Data Investigation and interpretation

Statistics and Probability : Module 2Year : 4

June 2011

PDF Version of module


It is assumed that in Years F-3, students have had learning experiences involving choosing and identifying simple questions from familiar situations that involve gathering information and data in which observations fall into simple, natural categories. It is assumed that students have had learning experiences in recording, classifying and listing such data, and have seen and used tables, picture graphs and column graphs of categorical data with simple, natural categories.


Statistics and statistical thinking have become increasingly important in a society that relies more and more on information and demands for evidence. Hence the need to develop statistical skills and thinking across all levels of education has grown and is of core importance in a century which will place even greater demands on society for statistical capabilities throughout industry, government and education.

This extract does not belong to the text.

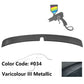 2002-2005 Mercedes-Benz W211 E-Class 4Door Roof Spoiler Wing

A natural environment for learning statistical thinking is through experiencing the process of carrying out real statistical data investigations from first thoughts, through planning, collecting and exploring data, to reporting on its features. Statistical data investigations also provide ideal conditions for active learning, hands-on experience and problem solving. Real statistical data investigations involve a number of components:

A number of expressions to summarise the statistical data investigative process have been developed but all provide a practical framework for demonstrating and learning statistical thinking. One description is ‘Problem, Plan, Data, Analysis, Conclusion (PPDAC)’; another is ‘Plan, Collect, Process, Discuss (PCPD)’.

No matter how it is described, the elements of the statistical data investigation process are accessible across all educational levels.


In this module, we consider, in the context of statistical data investigations, data
where each observation falls into one of a number of distinct categories. Such data
are everywhere in everyday life. Some examples are:

Data of this type is called categorical data.

Sometimes the categories are natural, such as with gender or direction on a road,
and sometimes they require choice and careful description, such as type of dwelling.

Another type of data situation in which each observation falls into one of a distinct number of categories is count data. Each observation in a set of count data is a count value. Count data occur in considering situations such as:

Count data in which only a small number of different counts are observed can also be treated as categorical data, particularly for the purposes of data presentations.

This module considers statistical data investigations involving categorical data and count data. In the situations described in this module count data is treated as categorical data because of it involving a small number of different values of counts.

The focus in the exploration and interpretation phases is on data with just one set of categories, even if the questions or issues of interest involve more than one possible set of categories. That is, a topic of interest may involve both type of dwelling and number of pets in a family, but in exploring and interpreting, this module focuses on each of these in turn.

This module uses three examples to develop the statistical data investigation process through the following:

The phases lend themselves to representation on a diagram, as follows.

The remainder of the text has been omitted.